Motor sports cannot continue to run rough-shod

Watching on the TV the plumes of smoke rise as cars tore across the landscape at the Dakar race (an annual cross-country car rally), I wondered, how is it possible in a climate emergency that such an obviously polluting and environmentally destructive activity is allowed to continue? While personally I do not find it as distressing to watch as a blood sport like bull-fighting, but watching this kind of “spectacle” feels uncomfortable when the environmental cost is considered.

Cross country racing, even in a desert, is such a blatant manifestation of everything that is wrong with the way we are treating the planet – both caring for the land, and for what reaches the sky. As thick wheeled vehicles fly across terrain, carving it up as they go,  not only are fumes belched out into the atmosphere, but also particulate pollution from the tyres and brakes is released into the ecosystem. Perhaps seeing a desert, it doesn’t look like there’s an abundance of life, but as David Attenborough’s astonishing documentaries have shown, there is life virtually everywhere on earth.

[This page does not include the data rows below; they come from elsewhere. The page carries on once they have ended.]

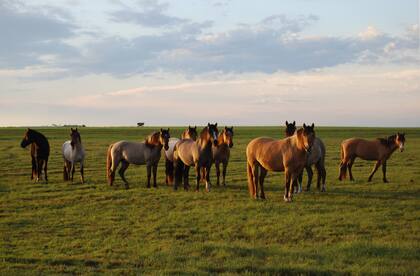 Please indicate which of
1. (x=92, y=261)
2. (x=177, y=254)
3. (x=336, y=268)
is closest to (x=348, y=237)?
(x=336, y=268)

Over the last decade the rally has been held in South America, where environmentalists rang the alarm about the threat to topsoil in fragile ecosystems and the habitats of llamas and condors. Nonetheless the high levels of revenue to be gained from the tourist pull of the event were enough to sideline these concerns.

Its concrete based cousin, Formula 1, also has its fair share of environmental questions to answer producing emissions of around 256,551 tonnes of CO2 per year. To put that in perspective, that represents the equivalent of 90,000 people each emitting 3 tons a year (a shade higher than India’s current average per capita) –  and represents the target we need to get to per capita in order to stay below 1.5C warming.

While I understand there is employment in this industry, the idea that we have a right to leisure activities at any cost has to be set against the health of the living planet, the extinction of so many species and the increasing number of people killed or affected by climate change.

The motor racing industry is just one area of a giant leisure industry – of which gaming is another big CO2 emitter (more on that in another post), and obviously there are people who will lose their jobs should this cease to exist. Those people should be helped into other employment, whether they are ex miners or mechanics, but motor sports cannot continue to literally run rough-shod over the world’s precious ecosystems, or continue to eat up our ever dwindling carbon budget.